Perfect ending to a great series. Steam-punk has been getting very popular among readers and I can definitely see why. The alternative retelling of history was exciting and gave me a new perspective on the this subgenre and it might be my favorite one. Cherie Priest has become one of the authors to watch for and I cannot to read more of her work!
First of all, I did not realize this was the end of the series; second of all, I did NOT see what the culmination of six books’ worth of zombie hordes would lead up to—I’m almost afraid what to say about how that build-up has culminated here. Granted, you find out all of 40 pages in, but still I was OH HELL NO.
So, the story ends up divided between two areas opposite the Mason-Dixon line: Washington D.C. and Chattanooga down into Atlanta. If you were to film some of the action sequences, they would no doubt be exhilarating; here, the non-stop back and forth dragged it out, IMO. Again, Cherie’s characters are strong (if not annoying; I’m looking at you, angry Gideon Bardsley), although, for the end of a series, you kinda wish you got a finish for each of them (a sort of “where are they now?”). This is true steampunk—not gears and gadgets for gears and gadgets’ sake—and it’s one of my favorite series ever.
First I highly recommend this series to all seeking a blast of a steampunk ride. Priest has created a universe that is filled with amazing gadgets, dirigibles, weapons, and other machinery. She has sprinkled in just the right amount of real history and real people to give it the amazing alt-feel.
Fiddlehead is the final book in the awesome Clockwork Century series and it does a great job at tying together many of the threads. This book and series has alot to offer.

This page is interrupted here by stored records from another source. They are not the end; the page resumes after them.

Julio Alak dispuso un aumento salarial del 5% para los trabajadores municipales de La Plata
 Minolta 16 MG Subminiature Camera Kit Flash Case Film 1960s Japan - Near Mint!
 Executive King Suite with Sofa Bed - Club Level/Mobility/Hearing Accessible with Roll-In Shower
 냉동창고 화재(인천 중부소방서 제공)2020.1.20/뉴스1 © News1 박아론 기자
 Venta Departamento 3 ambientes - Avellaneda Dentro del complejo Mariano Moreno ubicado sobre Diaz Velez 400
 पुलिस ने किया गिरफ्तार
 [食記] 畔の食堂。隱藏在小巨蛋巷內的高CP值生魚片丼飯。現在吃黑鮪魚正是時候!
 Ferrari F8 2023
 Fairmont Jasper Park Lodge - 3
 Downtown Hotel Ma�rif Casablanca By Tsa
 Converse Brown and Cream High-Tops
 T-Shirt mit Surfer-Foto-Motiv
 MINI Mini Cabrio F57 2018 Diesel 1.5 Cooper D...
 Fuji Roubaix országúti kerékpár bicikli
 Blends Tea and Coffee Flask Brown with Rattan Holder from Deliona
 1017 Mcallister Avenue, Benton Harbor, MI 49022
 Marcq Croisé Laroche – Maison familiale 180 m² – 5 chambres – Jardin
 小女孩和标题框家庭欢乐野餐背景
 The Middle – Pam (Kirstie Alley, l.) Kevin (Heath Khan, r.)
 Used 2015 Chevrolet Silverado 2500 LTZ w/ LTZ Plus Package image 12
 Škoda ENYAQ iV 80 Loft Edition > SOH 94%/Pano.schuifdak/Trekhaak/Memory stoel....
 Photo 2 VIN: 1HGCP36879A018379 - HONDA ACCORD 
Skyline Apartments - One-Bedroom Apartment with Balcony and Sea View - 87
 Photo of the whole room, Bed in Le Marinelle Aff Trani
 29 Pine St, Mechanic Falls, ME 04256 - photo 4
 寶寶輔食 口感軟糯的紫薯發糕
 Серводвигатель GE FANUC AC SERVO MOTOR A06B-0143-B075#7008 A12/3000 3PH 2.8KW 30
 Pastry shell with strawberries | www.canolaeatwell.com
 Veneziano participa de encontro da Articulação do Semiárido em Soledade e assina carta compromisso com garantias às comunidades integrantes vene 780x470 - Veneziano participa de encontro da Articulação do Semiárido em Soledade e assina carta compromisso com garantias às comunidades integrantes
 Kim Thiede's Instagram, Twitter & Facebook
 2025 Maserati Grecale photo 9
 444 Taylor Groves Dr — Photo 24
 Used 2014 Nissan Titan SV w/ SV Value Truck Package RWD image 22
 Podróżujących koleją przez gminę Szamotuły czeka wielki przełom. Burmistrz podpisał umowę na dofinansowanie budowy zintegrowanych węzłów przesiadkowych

It is fast paced, action packed, and fun fun to read. There are all the great steampunk gadgets and weapons. This one has a strong dose of both President Lincoln and President Grant...cool cool.
I loved this book and this series as a whole. I am a huge Cherie Priest fan and highly recommend her and these novels..
Definitely the weakest entry in the series, which is a shame if this is in fact the last story of the Clockwork Century. It's possible that I may have enjoyed this more had I read Clementine first, but I haven't. There are too many characters doing not enough interesting things. Why does Belle need a marshall companion if she's so capable? Why doesn't anyone actually do anything besides her? And there wasn't nearly enough of her or her touted detective skills on display. This isn't a bad book and it doesn't diminish the rest of Priest's works, but I've come to expect more from this series.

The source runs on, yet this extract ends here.